L'usage d'appareil permettant d'enregistrer, de fixer ou de transmettre la parole ou l'image. Par conséquent, pas de dictaphone, de micro, pas de caméra. En revanche, rien n'interdit d'utiliser son téléphone pour envoyer des sms et des tweets ou un ordinateur portable pour retranscrire ce qui se dit dans la salle. Rien n'empêche, non plus, de dessiner ce qui se trame dans la salle ; même le logiciel de reconnaissance vocale me paraît légal, dans la mesure où il n'enregistre pas la voix mais retranscrit la parole en écrit.
Si l'idée d'une mini salle de rédaction décentralisée dans une salle d'audience est donc envisageable d'un point de vue technique et légal, on peut cependant se demander si c'est bien utile. Certes, cela nous permet d'assouvir notre vieux fantasme d'ubiquité, mais un procès m'apparaît, d'une part, difficile à retranscrire (même en notant tout ce qui se dit, il manquera toujours l'ambiance qui se dégage des plaidoiries, le comportement des parties, le regard des juges etc...) et d'autre part, je me demande quel en est l'intérêt.
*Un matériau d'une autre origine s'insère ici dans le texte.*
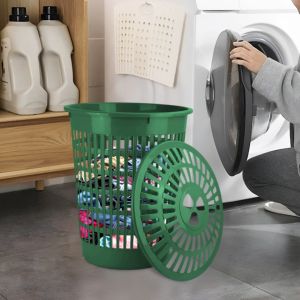 MD-C1257 Keranjang Baju Kotor Bulat Set Tutup Serbaguna / Laundry Basket Keranjang Cucian Pakaian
Car après tout, nous ne sommes ni juges, ni jurés et nous ne participerons pas au secret du délibéré. J'ai vécu des procès très difficiles, qui se passaient fort mal pour moi, avec des magistrats apparemment hostiles à mon argumentation, et qui pourtant, se conclurent par des décisions favorables.
Retranscrire un procès est donc, à mon sens, l'opposé de l'information. C'est une absence d'information, c'est un évènement dont on ne peut tirer aucune conséquence, puisqu'on ne participera pas au processus qui aboutira au jugement.
C'est du spectacle.
Mais sans doute est-ce cela, le journalisme aujourd'hui.